Tout le monde n’est pas d’accord avec le chef de l’État. Bruno Le Maire a défendu les propos de la Première ministre. « Je pense que le RN a une histoire et que la Première ministre est parfaitement fondée à rappeler cette histoire », a-t-il déclaré sur France Inter ce matin. « On peut rappeler parfaitement, comme l’a fait la Première ministre, l’histoire du RN tout en combattant le RN sur ses propositions et sur ses idées », selon le ministre de l’Économie. Certains députés du camp présidentiel désapprouvent la position d’Emmanuel Macron. « Il a peut-être, dans son rôle de président, envie de calmer le jeu. Mais je ne crois pas qu’il faille calmer le jeu avec le Rassemblement national », considère Erwan Balanant, député MODEM. Le camp présidentiel est fracturé. Pendant ce temps, le RN se frotte les mains.
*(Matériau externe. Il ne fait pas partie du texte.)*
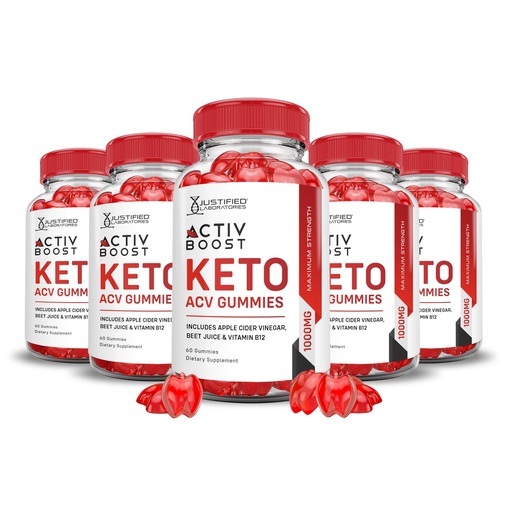[BRSROBAKOV7GYADB] Justified Laboratories Activ Boost Keto ACV Gummies (1000 mg) - 60 Count, Pack of 5 - Formulated with Apple Cider Vinegar, Folate & Vitamin B12 - Non-GMO, Vegan, Gluten Free - 150 Servings
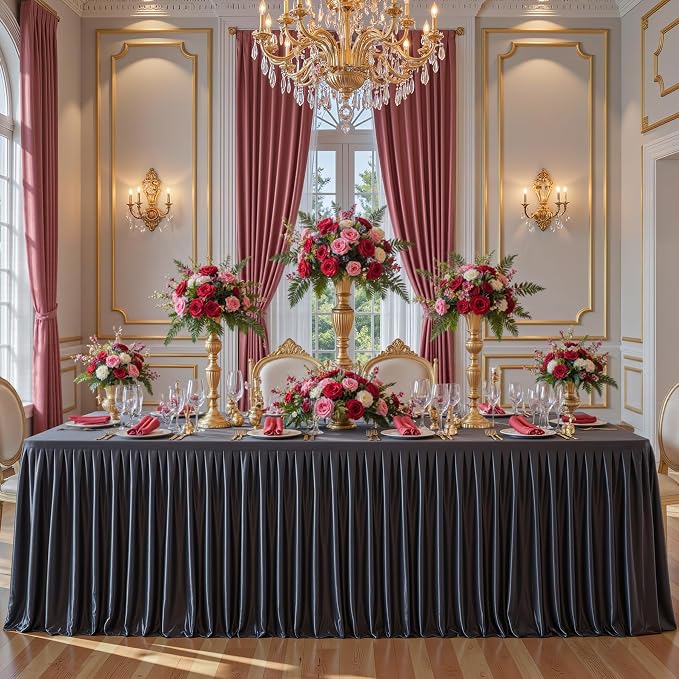 Wish Care 4 Pack Satin Table Cover Skirts for 6ft Rectangular Tables, Black Shimmer Silk Tablecloth with Floor Length Ruffle for Wedding Banquet Party Buffet Decoration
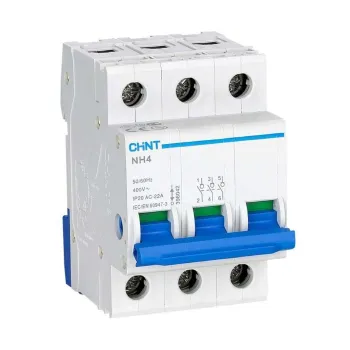 Изображение товара Выключатель нагрузки трехполюсный 32А CHINT NH4 сертифицированный Изображение товара Выключатель нагрузки трехполюсный 32А CHINT NH4 сертифицированный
Du barrage au marche-pied : comment Macron a normalisé l’extrême droite

Fallait-il vraiment s’attendre à autre chose de la part du président de la République ? Ses flirts avec l’extrême droite durent depuis maintenant 8 ans. Quelques rappels s’imposent. En 2015, il déclare : « Dans la politique française, cet absent est la figure du roi, dont je pense fondamentalement que le peuple français n’a pas voulu la mort. » En 2018, le chef de l’État qualifie le Maréchal Pétain, qui serra la main d’Adolf Hitler, de « grand soldat ».
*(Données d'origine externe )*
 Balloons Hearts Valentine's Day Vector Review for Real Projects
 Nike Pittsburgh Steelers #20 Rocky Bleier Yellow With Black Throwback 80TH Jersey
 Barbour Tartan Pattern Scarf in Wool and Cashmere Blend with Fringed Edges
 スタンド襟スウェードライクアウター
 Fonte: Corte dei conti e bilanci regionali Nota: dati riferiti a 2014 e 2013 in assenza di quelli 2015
2 ans plus tard, Emmanuel Macron réhabilite Charles Maurras, dirigeant de l’Action française en distinguant « pays légal » et « pays réel » pour parler du régalien. Il récidive le 14 juillet 2022 en utilisant dans son discours terme de « nation organique », rhétorique fondatrice des États fascistes en Italie et en Allemagne. Une idée reprise ensuite fidèlement dans la doctrine de Vichy « Travail, Famille, Patrie ». En 2021, le gouvernement agite le drapeau de la menace d’un pseudo « islamo-gauchisme » qui gangrènerait les universités : le chef de l’État laisse faire. De même lorsque que le ministre de l’Intérieur Gérald Darmanin qualifie Marine Le Pen de « trop molle ».
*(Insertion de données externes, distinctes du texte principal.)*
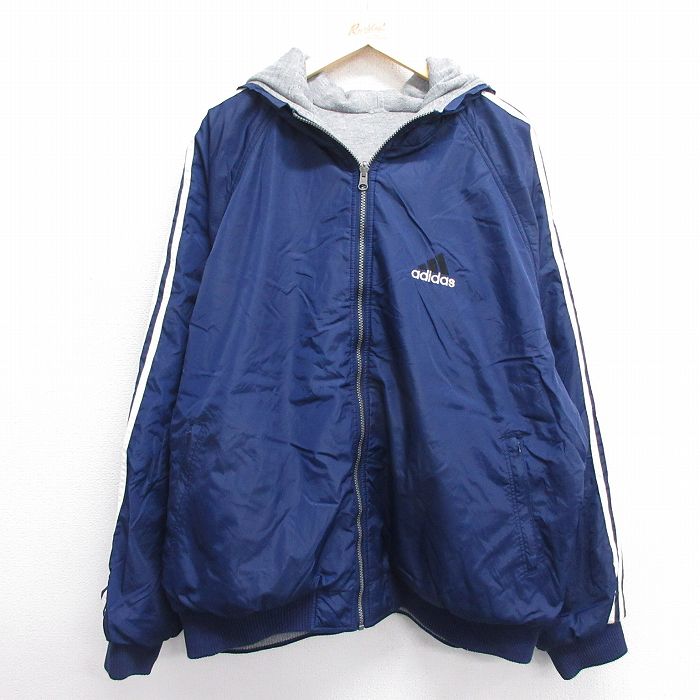 XL★古着 アディダス adidas 長袖 ナイロン ジャケット パーカー メンズ 90年代 90s ビッグロゴ リバーシブル ラグラン 大きいサイズ 紺他 ネイビー 【spe】 25feb06 中古 アウター ウインドブレーカー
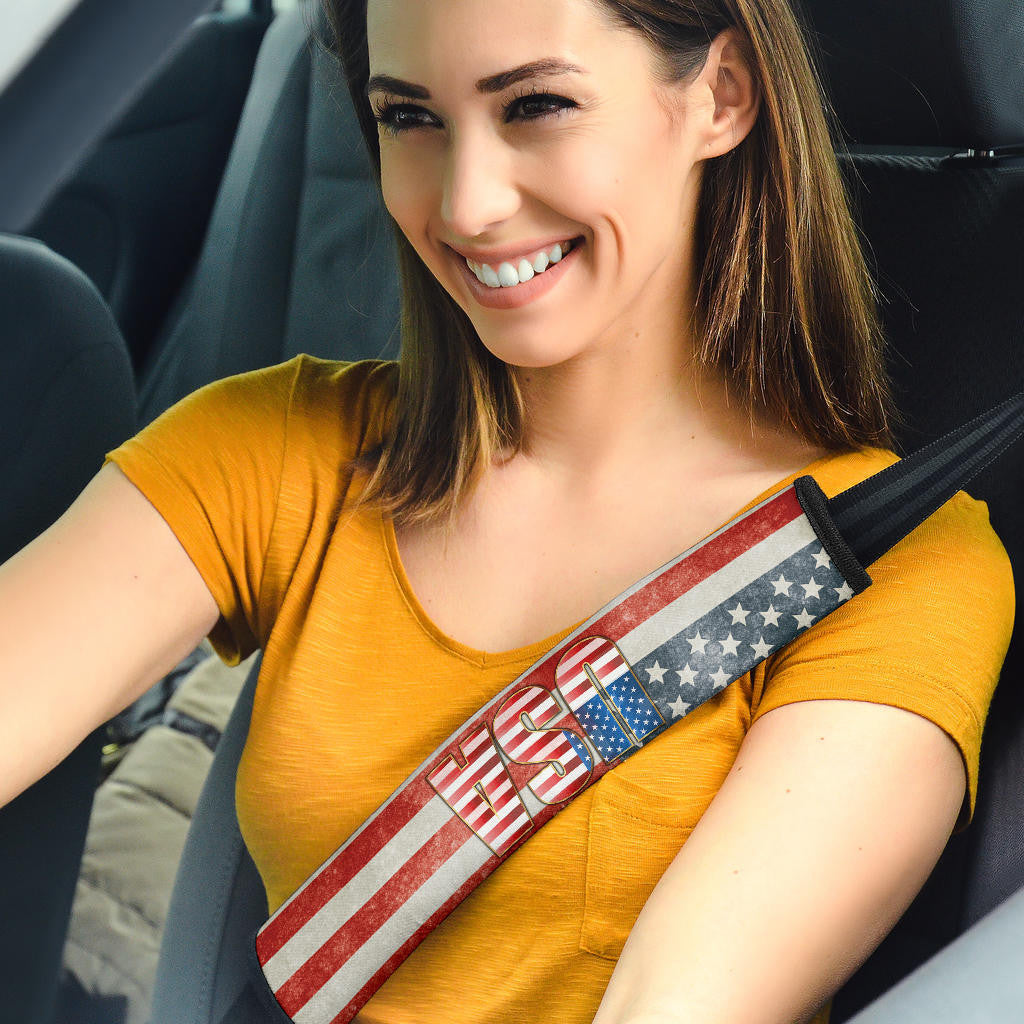 US Independence Day Bald Eagle Breaking Though US Flag Seat Belt Covers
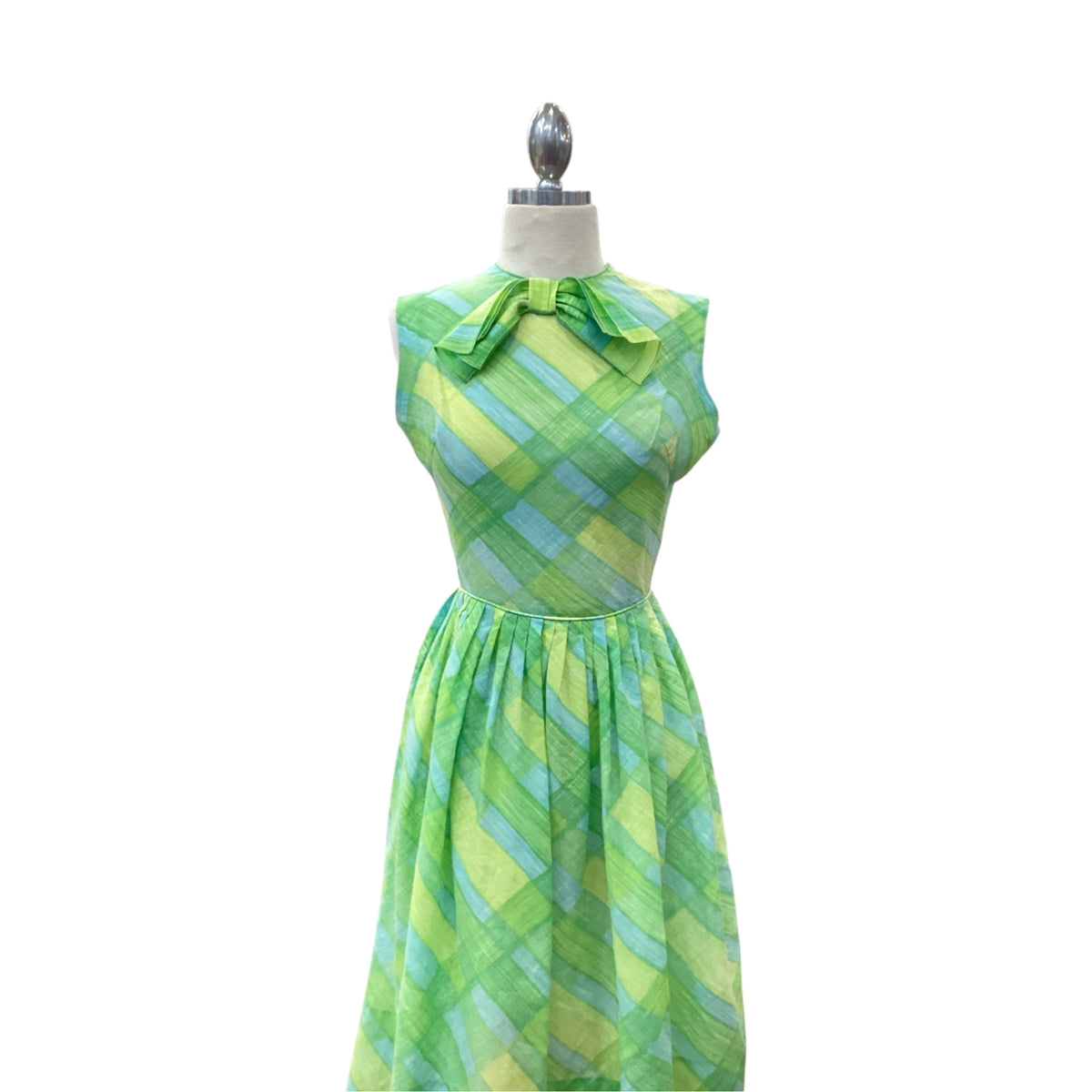 Vintage Early 1960s Gay Gibson Lime Green and Blue Abstract Gingham Shirtdress with Bow Nylon Zipper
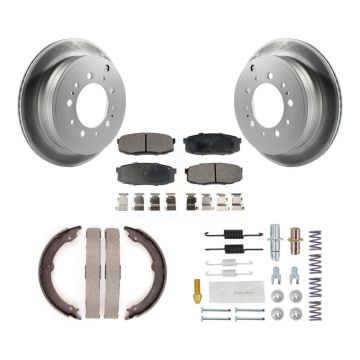 Rear Disc Coated Rotors Ceramic Pads Parking Shoes Hardware Kit For Toyota Tundra Sequoia KGT-104156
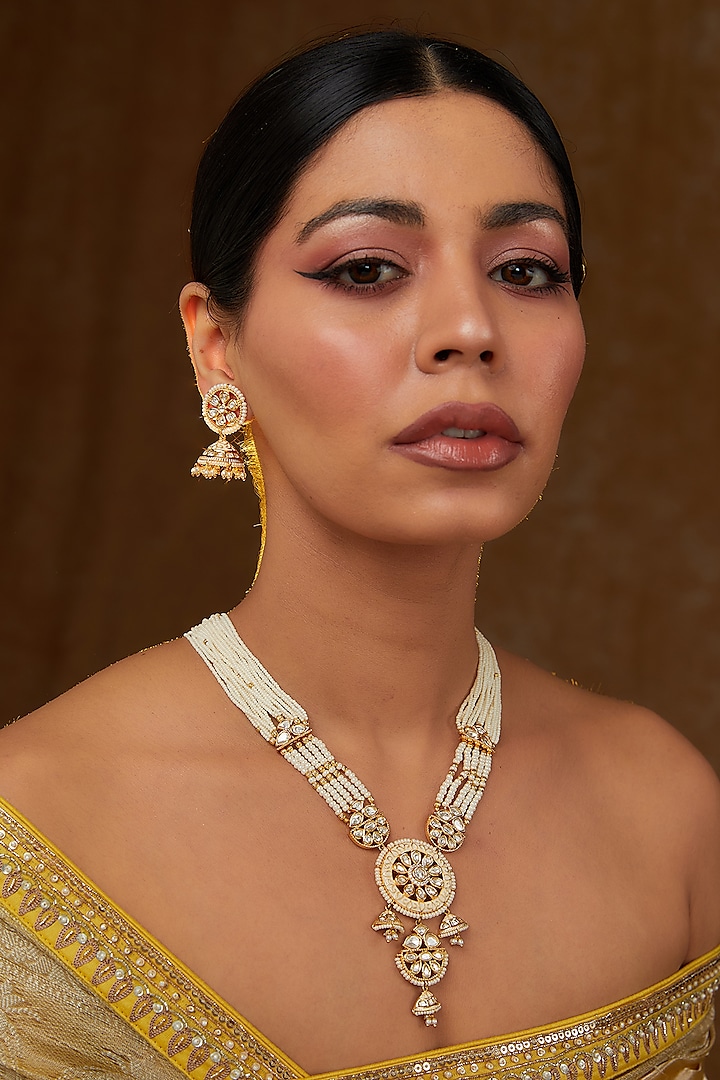Gold Finish Kundan Polki & Pearl Long Necklace Set by Zevar By Geeta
Pour aller plus loin : Pétain « grand soldat », « pays réel », « nation organique » : Macron, le nauséabond glissement vers la rhétorique d’extrême-droite

Récemment, le chef de l’État a repris le mot de « décivilisation », concept fumeux théorisé par l’extrême droite. Emmanuel Macron sert de marche-pied à l’extrême droite depuis trop longtemps, et « en même temps » diabolise la gauche. Un retournement du barrage républicain prédit par le philosophe Frédéric Lordon : plutôt Hitler que le Front populaire hier, plutôt Marine Le Pen que Jean-Luc Mélenchon aujourd’hui. Un jeu terriblement dangereux, qui fait le jeu de l’extrême droite.